* _TASK PROMPT_:
Since the data must remain as supplied, reproduce it word for word.

[Scraped caption text data]
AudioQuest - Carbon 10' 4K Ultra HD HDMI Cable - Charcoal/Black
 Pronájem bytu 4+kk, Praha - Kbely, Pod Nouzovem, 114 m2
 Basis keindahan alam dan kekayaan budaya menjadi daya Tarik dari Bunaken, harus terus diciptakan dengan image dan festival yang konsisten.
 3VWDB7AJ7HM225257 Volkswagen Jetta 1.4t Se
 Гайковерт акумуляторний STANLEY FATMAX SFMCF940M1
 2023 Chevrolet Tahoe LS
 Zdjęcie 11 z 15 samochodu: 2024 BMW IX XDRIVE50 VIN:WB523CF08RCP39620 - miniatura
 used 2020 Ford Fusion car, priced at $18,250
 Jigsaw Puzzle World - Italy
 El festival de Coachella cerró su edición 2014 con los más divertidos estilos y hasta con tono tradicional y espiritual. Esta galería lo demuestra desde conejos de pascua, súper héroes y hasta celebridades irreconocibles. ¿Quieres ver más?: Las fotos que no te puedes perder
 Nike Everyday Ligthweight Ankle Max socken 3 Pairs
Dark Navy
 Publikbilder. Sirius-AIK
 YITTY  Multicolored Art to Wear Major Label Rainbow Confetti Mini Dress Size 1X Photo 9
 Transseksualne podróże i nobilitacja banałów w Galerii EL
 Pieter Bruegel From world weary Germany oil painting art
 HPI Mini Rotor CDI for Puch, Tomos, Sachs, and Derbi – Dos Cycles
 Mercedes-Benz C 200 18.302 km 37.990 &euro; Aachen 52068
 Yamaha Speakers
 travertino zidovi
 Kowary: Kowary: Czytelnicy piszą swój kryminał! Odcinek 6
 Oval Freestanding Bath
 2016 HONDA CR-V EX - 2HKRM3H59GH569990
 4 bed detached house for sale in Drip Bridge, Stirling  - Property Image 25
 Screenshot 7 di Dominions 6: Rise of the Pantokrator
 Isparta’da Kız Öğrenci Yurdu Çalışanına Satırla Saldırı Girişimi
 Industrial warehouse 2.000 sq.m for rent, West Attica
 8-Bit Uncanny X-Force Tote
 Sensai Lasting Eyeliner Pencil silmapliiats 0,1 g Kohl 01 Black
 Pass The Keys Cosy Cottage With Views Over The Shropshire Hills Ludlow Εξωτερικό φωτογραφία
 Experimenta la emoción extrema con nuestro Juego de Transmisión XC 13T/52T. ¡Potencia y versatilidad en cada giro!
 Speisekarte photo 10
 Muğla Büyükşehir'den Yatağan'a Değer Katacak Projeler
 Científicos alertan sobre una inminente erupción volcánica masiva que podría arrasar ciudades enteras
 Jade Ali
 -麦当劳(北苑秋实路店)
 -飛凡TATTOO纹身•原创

* _WRITTEN ANSWER_:
AudioQuest - Carbon 10' 4K Ultra HD HDMI Cable - Charcoal/Black
 Pronájem bytu 4+kk, Praha - Kbely, Pod Nouzovem, 114 m2
 Basis keindahan alam dan kekayaan budaya menjadi daya Tarik dari Bunaken, harus terus diciptakan dengan image dan festival yang konsisten.
 3VWDB7AJ7HM225257 Volkswagen Jetta 1.4t Se
 Гайковерт акумуляторний STANLEY FATMAX SFMCF940M1
 2023 Chevrolet Tahoe LS
 Zdjęcie 11 z 15 samochodu: 2024 BMW IX XDRIVE50 VIN:WB523CF08RCP39620 - miniatura
 used 2020 Ford Fusion car, priced at $18,250
 Jigsaw Puzzle World - Italy
 El festival de Coachella cerró su edición 2014 con los más divertidos estilos y hasta con tono tradicional y espiritual. Esta galería lo demuestra desde conejos de pascua, súper héroes y hasta celebridades irreconocibles. ¿Quieres ver más?: Las fotos que no te puedes perder
 Nike Everyday Ligthweight Ankle Max socken 3 Pairs
Dark Navy
 Publikbilder. Sirius-AIK
 YITTY  Multicolored Art to Wear Major Label Rainbow Confetti Mini Dress Size 1X Photo 9
 Transseksualne podróże i nobilitacja banałów w Galerii EL
 Pieter Bruegel From world weary Germany oil painting art
 HPI Mini Rotor CDI for Puch, Tomos, Sachs, and Derbi – Dos Cycles
 Mercedes-Benz C 200 18.302 km 37.990 &euro; Aachen 52068
 Yamaha Speakers
 travertino zidovi
 Kowary: Kowary: Czytelnicy piszą swój kryminał! Odcinek 6
 Oval Freestanding Bath
 2016 HONDA CR-V EX - 2HKRM3H59GH569990
 4 bed detached house for sale in Drip Bridge, Stirling  - Property Image 25
 Screenshot 7 di Dominions 6: Rise of the Pantokrator
 Isparta’da Kız Öğrenci Yurdu Çalışanına Satırla Saldırı Girişimi
 Industrial warehouse 2.000 sq.m for rent, West Attica
 8-Bit Uncanny X-Force Tote
 Sensai Lasting Eyeliner Pencil silmapliiats 0,1 g Kohl 01 Black
 Pass The Keys Cosy Cottage With Views Over The Shropshire Hills Ludlow Εξωτερικό φωτογραφία
 Experimenta la emoción extrema con nuestro Juego de Transmisión XC 13T/52T. ¡Potencia y versatilidad en cada giro!
 Speisekarte photo 10
 Muğla Büyükşehir'den Yatağan'a Değer Katacak Projeler
 Científicos alertan sobre una inminente erupción volcánica masiva que podría arrasar ciudades enteras
 Jade Ali
 -麦当劳(北苑秋实路店)
 -飛凡TATTOO纹身•原创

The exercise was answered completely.